Determination of catalyst activty by evaluating bleaching activity - stain bleaching
test
[0212] Once the conjugates were constructed they were tested for catalyst bleaching activity.
The material used in this assay is the conjugate material with a molecular weight
greater than 10kDA and should therefore be devoid of unconjugated catalyst.
[0213] Samples of 10-2E3-Catalyst (Co-ordinated) and the dialysed Glutaradehyde conjugates
were spotted onto oily tomato cloth. The bleaching results were obtained were indicative
of an active bleaching species. Bleaching zones (white halos in a red stain surrounding)

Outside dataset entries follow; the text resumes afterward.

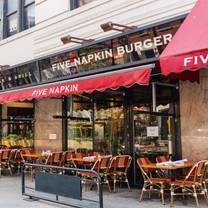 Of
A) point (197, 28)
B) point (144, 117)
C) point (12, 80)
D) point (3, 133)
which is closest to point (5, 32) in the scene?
point (12, 80)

were created on the tomato stained cloth. This demonstrated that the conjugated material
possesses catalyst bleaching activity. The conjugation of the antibody to the catalyst
using low concentrations of glutaraldehyde gave the strongest bleaching zones.
[0214] The data taken in combination for the antibody binding activity and catalyst bleaching
activity indicate that the higher molecular weight conjugates formed do have the ability
to bind to tomato stain and possess the ability to bleach the chromophore via the
catalyst activity.
Key to Abbreviations used in text of examples (not provided in text)
[0215]
DMF = Dimethyl Formamide
Na P = sodium Phosphate
EDTA = Ethylenediaminetetraacetic acid
PBS = Phosphate Buffered Saline
PBST = Phosphate Buffered Saline Tween 20
PBSTM = Phosphate Buffered Saline Tween 20 Methiolate
NH2OH = Hydroxylamine
Vhh = antibody fragment, variable heavy-heavy
pNPP = para-Nitrophenyl PyroPhosphate
DEA = Diethylamine
MgCl = Magnesium Chloride
MES = 2-[N Morpholino]ethanesulphonic acid
IgG = Immunoglubin molecule class G.